4. Drug Purity and Amount Attributed to Movant

Movant alleges trial counsel was ineffective as he failed to challenge the drug (methamphetamine) for its purity and the amount attributed to Movant. This claim is wholly without merit. In the factual basis supporting the 11(c)(1)(C) plea agreement, Movant stipulated to the drug amounts and purity for which she was responsible as part of the conspiracy. Factual Basis & Stipulation, pg. 2, 1:18-CR-87 (doc. #256). Movant offers no explanation as to how this stipulation was inaccurate nor how, if challenged, this would have affected the outcome of her case.

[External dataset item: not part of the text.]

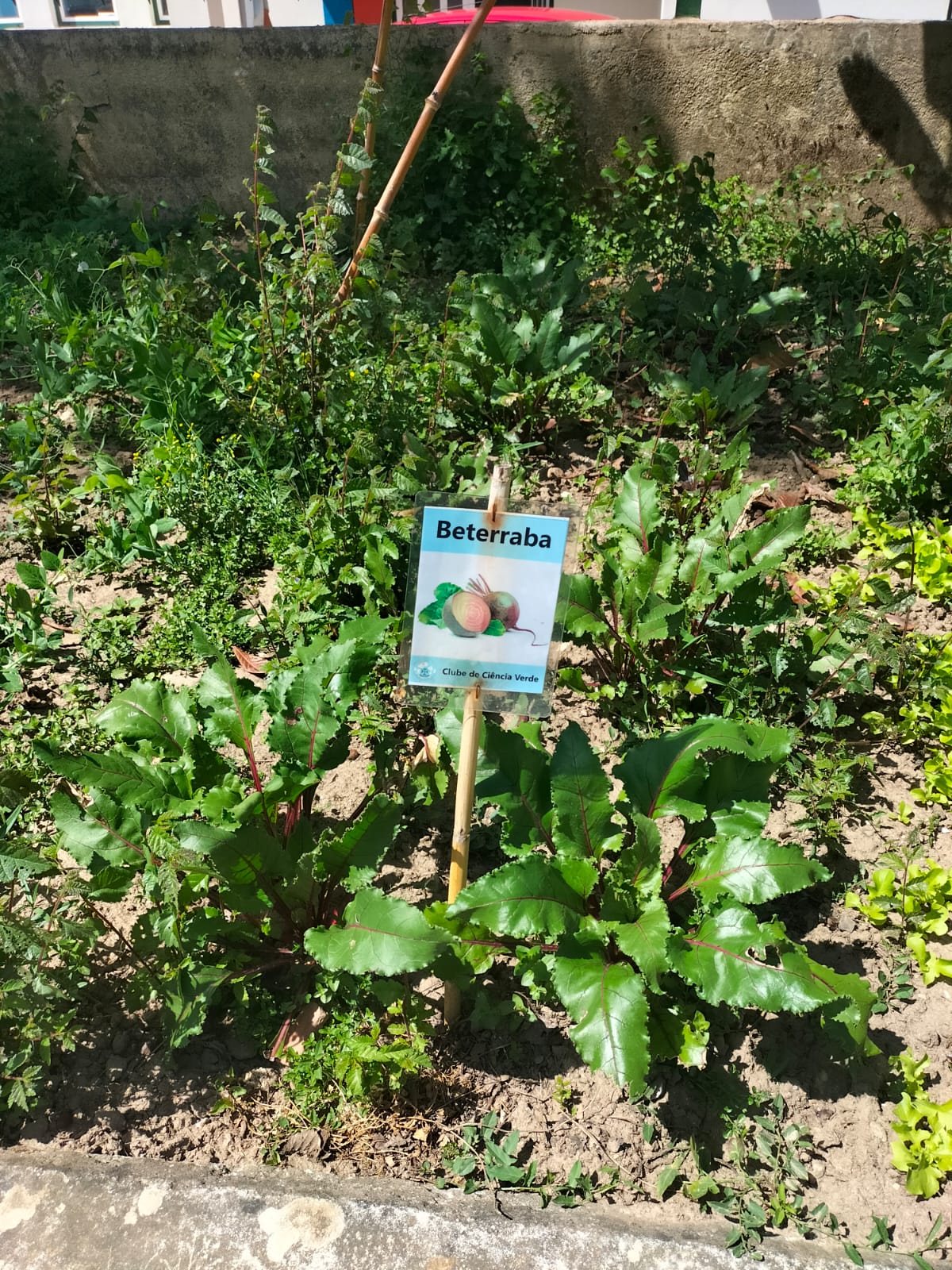 Plantação de beterraba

Counsel, again, cannot be ineffective for failing to argue a frivolous point and this claim should be denied. Clark, 19 F.3d at 966.

Recommendation

This motion to vacate, set aside or correct sentence filed pursuant to 28 U.S.C. § 2255 should be denied.

Objections

Within fourteen (14) days after receipt of the magistrate judge's report, any party may serve and file written objections to the findings of facts, conclusions of law and recommendations of the magistrate judge. 28 U.S.C. § 636(b)(1)(c).

Failure to file written objections to the proposed findings of facts, conclusions of law and recommendations contained within this report within fourteen (14) days after service shall bar an aggrieved party from de novo review by the district court of the proposed findings, conclusions and recommendations and from appellate review of factual findings and legal conclusions accepted by the district court except on grounds of plain error. Douglass v. United Services Automobile Association, 79 F.3d 1415, 1417 (5th Cir. 1996) (en banc); 28 U.S.C. § 636(b)(1); FED. R. CIV. P. 72.